Water rationing exercises in Johor could affect 40,000 M’sians
The hot weather is affecting everyone.
Kota Tinggi region in Johor, Malaysia has been hit with a water supply problem.
Back in Feb. 26, it was reported that the water levels in the Sungai Lebam Dam in Johor had dropped below “critical” levels.
15,000 people in Kota Tinggi affected
On March 12, state news agency Bernama reported that residents in Kota Tinggi will have to undergo water rationing, which could be implemented as early as this weekend.
The Kota Tinggi region is about 60km north of Singapore.
About 15,000 residents in the following areas will be affected:
- Felda Gugusan Lok Heng
- Felda Waha
- Bukit Easter
The rationing exercise was prompted by a drop in the water levels at Lok Heng Dam.
The regular water level should be 2.75m, while a level of 1.5m would trigger a water rationing exercise.
The water level in the dam now measures 1.43m.

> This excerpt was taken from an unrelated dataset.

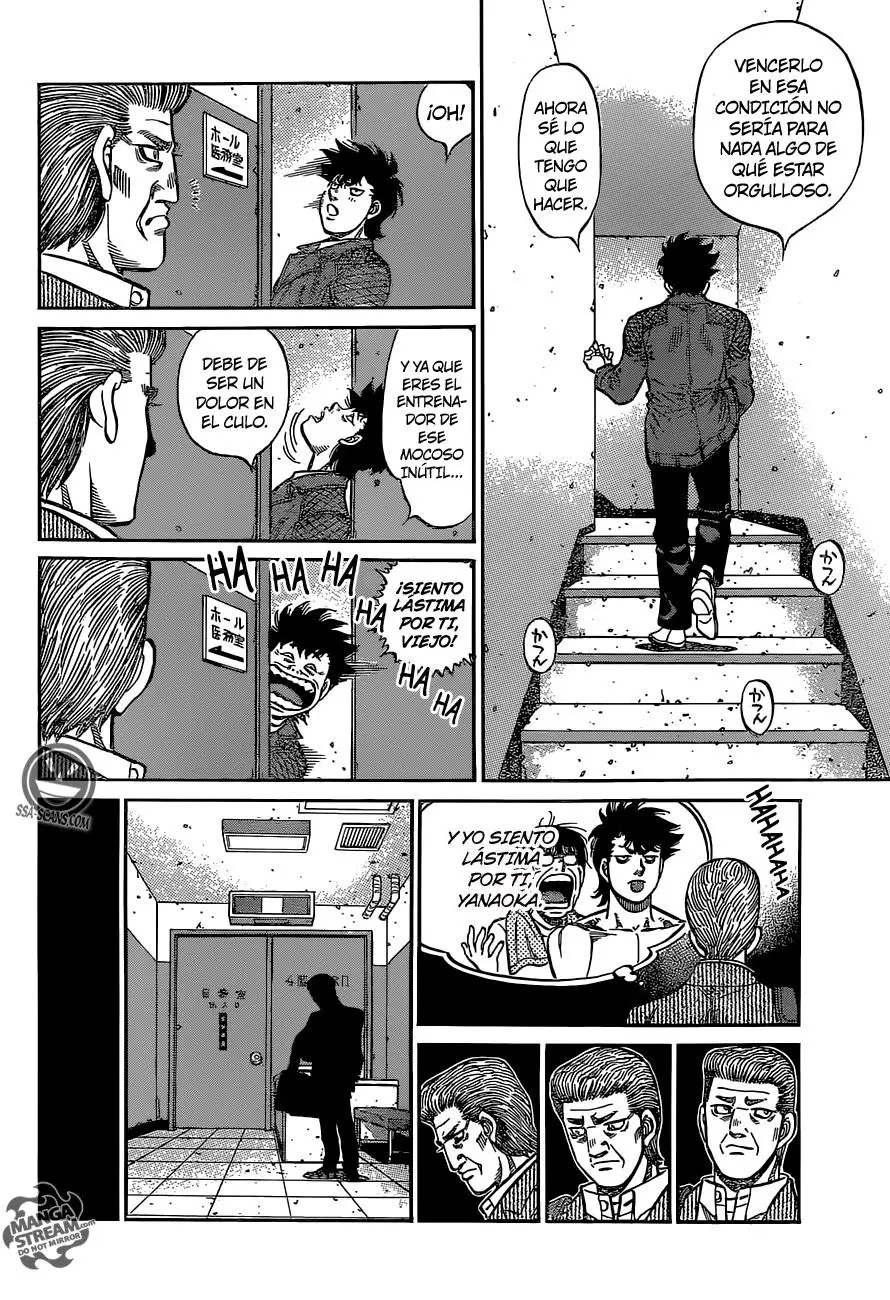 Hajime no Ippo (1989) - Capítulo 1128 - Página 13 - LectorTMOo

Chairman of the State International Trade, Investment and Utilities Committee, Jimmy Puah, said:
“We cannot avoid this, we have to ration and I hope the people understand because of the extraordinary weather factors.

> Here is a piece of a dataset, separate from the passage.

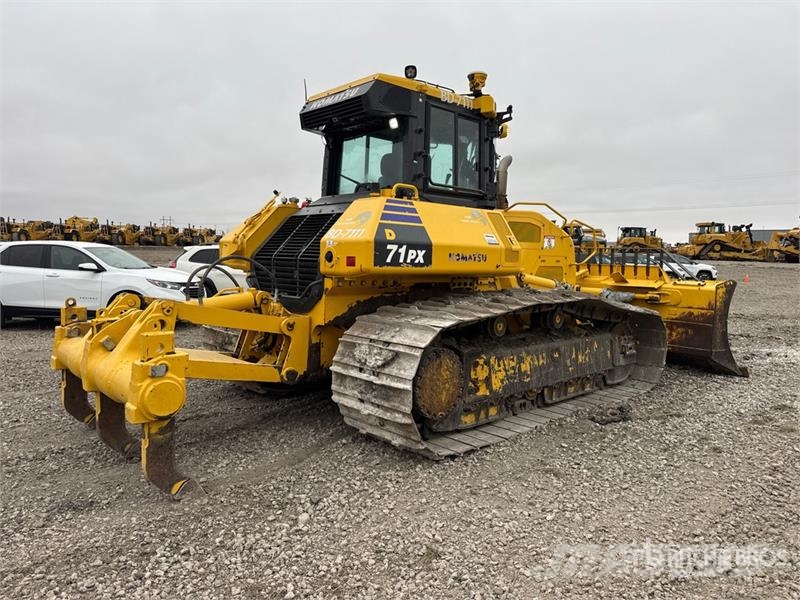 Komatsu D71PX-24 Crawler Dozer Crawler dozers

However we will increase our efforts and will look for water resources as soon as possible, but for now, we have to accept that we will soon experience water supply disruptions.”
Puah was speaking to reporters after visiting the Sultan Iskandar Water Treatment Plant.
Sungai Gembut water levels also low
However, another water rationing exercise elsewhere could also be implemented.
The water levels in Sungai Gembut had also dropped to 0.19m instead of its normal level of 0.7m.
Puah advised the residents not to waste water as it would last for “only five days”.
A rationing exercise carried out in the Sungai Gembut and Sedili areas could affect another 25,000 people.
Puah added that the Sultan Iskandar Plant, the largest in the state, has enough water supply for 69 days for residents in places like Pasir Gudang and Seri Alam.
Johor also has a “back-up plan” for water pumps from Seluyut Dam if needed.
Singapore can help
However, the Malaysian state has another option, to ask Singapore for help.
Previously, Singapore helped Johor by supplying extra treated water, on top of what we already provide to Johor.
In January 2019, at Johor’s request, Singapore supplied an additional six million gallons of treated water per day over three days.
But this was due to pollution issues, not drought.